Now comes the Passover Seder, on Monday, marking the start of the Jews’ ancient journey out of bondage. The story, as chronicled in the Book of Exodus, has made for a unique bond between Jews and African Americans.
But after this latest surge of killings, I can’t help but wonder if the deadly spirit that “passed over” the children of Israel and took the first-born of their oppressors has somehow reappeared and descended on the sons of black folks with a vengeance.
Ra-Heem had worked hard in school, won a $50,000 scholarship from the Bill and Melinda Gates Foundation and needed only two high school credits to be eligible for college.
And still, he ended up being killed, shot once in the leg, chased down by his assailant and shot 10 more times.
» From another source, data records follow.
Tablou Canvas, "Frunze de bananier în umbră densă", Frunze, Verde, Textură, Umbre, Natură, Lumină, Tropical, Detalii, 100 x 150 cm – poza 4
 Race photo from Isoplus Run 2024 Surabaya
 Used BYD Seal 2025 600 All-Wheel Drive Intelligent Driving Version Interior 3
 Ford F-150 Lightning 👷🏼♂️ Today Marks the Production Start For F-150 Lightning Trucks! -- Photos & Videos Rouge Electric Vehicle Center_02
“He died no more than 20 feet from our back door,” his mother recalled.
What could Ra-Heem possibly have done to make someone want to kill him? Probably nothing — except be a young black man in the city.
“I used to tell Ra-Heem that he was born with two strikes against him,” his mother said. “He was black and he was male. There was only one way to overcome that: Get an education.”
But not even that could save him.
Word on the street was that Ra-Heem had gone to buy a gun on the black market the night he was killed. If true, he would not have been the first otherwise law-abiding youngster who felt the need to carry a firearm for protection.
A star basketball player at Woodson, he’d leave practice long after sundown and have anxious walks home in the dark. Many students have refused to participate in extracurricular school activities because it just isn’t safe to be out at night.
Armed robberies are on the rise. Youngsters are being shot over small change. According to those who operate in the shadow world of the city’s underground economy, the people who were supposed to sell the gun to Jackson decided to rob and kill him instead.
No arrests have been made, and so far nobody who knows anything about the shooting is talking on the record.
“There are some bad apples out there that make it very hard for the good kids to thrive,” said Dwanna King, a cousin of Ra-Heem’s. “The dangerous kids are usually the ones who have been neglected by their parents. They have no problem taking a life because they have no connection to family or community. They think only of themselves.”
Making matters worse, city and county officials are cutting many of the programs aimed at helping both the good and troubled youngsters. In the District, summer jobs for teens have been cut back. Summer school has been cut back, along with training programs for ex-offenders.
At Ra-Heem’s funeral, a young woman read a poem that questioned why politicians had shown such concern over the possibility of a government shutdown when they do so little for the city’s youth even when the government is up and running.
But there were no satisfying answers to be had. As Jeannette Webb, another cousin, explained to Jackson’s mother:
“No matter what explanation you get, it won’t make sense.”